Since I last addressed this issue, this questionable practice has become even more commonplace, with employers requesting social media passwords from both new applicants and current employees. Fortunately, I’m not the only one offended by this troubling new trend.
In recent months, two different bills prohibiting this practice have been introduced in Congress, although neither has yet been voted on. And, two states have enacted laws that prohibit employers from obtaining social media passwords from job applicants and employees.
Maryland and Delaware were the first states to pass a law of this type, followed by Illinois, which passed a similar law last month. The new Illinois law will be effective on Jan. 1, 2013.
When signing the bill, Illinois Gov. Pat Quinn explained the rationale behind the prohibition: “Members of the workforce should not be punished for information their employers don’t legally have the right to have. As use of social media continues to expand, this new law will protect workers and their right to personal privacy.”
The good news is that Maryland, Delaware and Illinois aren’t alone in their efforts to curb employers’ access to this type of information. A number of other states, including California, Michigan and New Jersey are considering similar laws. So, perhaps this intrusive practice will soon be a thing of the past.
Even so, that employers chose to pursue this information in the first place is just one example of the many downsides associated with the social media phenomenon. Social media provides us with many benefits, including the ability to more easily communicate, collaborate and share information, but those benefits come at a price: the potential loss of our privacy.
Whether the benefits outweigh the risks associated with the use of social media remains to be seen. Over time we’ll have a better sense of whether our culture is able to effectively balance the plusses and minuses of social media. The recently enacted laws are a good start. But let’s withhold judgment until we see what the future holds.
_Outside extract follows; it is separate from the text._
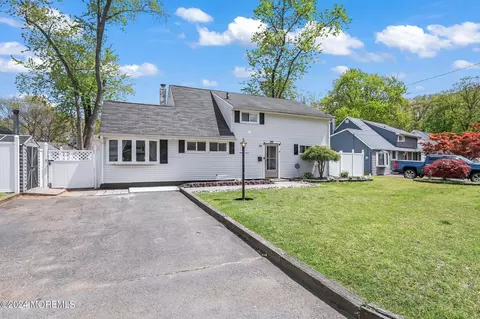 26 Sunrise Rd, Old Bridge, NJ 08857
Nicole Black is a Rochester, New York attorney and the Vice President of Business Development and Community Relations at MyCase, an intuitive cloud-based law practice management platform for the modern law firm. She is also a GigaOM Pro Analyst and is the author of the ABA book Cloud Computing for Lawyers, co-authors the ABA book Social Media for Lawyers: the Next Frontier, and co-authors Criminal Law in New York, a West-Thomson treatise. She is the founder of lawtechTalk.com and speaks regularly at conferences regarding the intersection of law and technology. She publishes four legal blogs and can be reached at firstname.lastname@example.org.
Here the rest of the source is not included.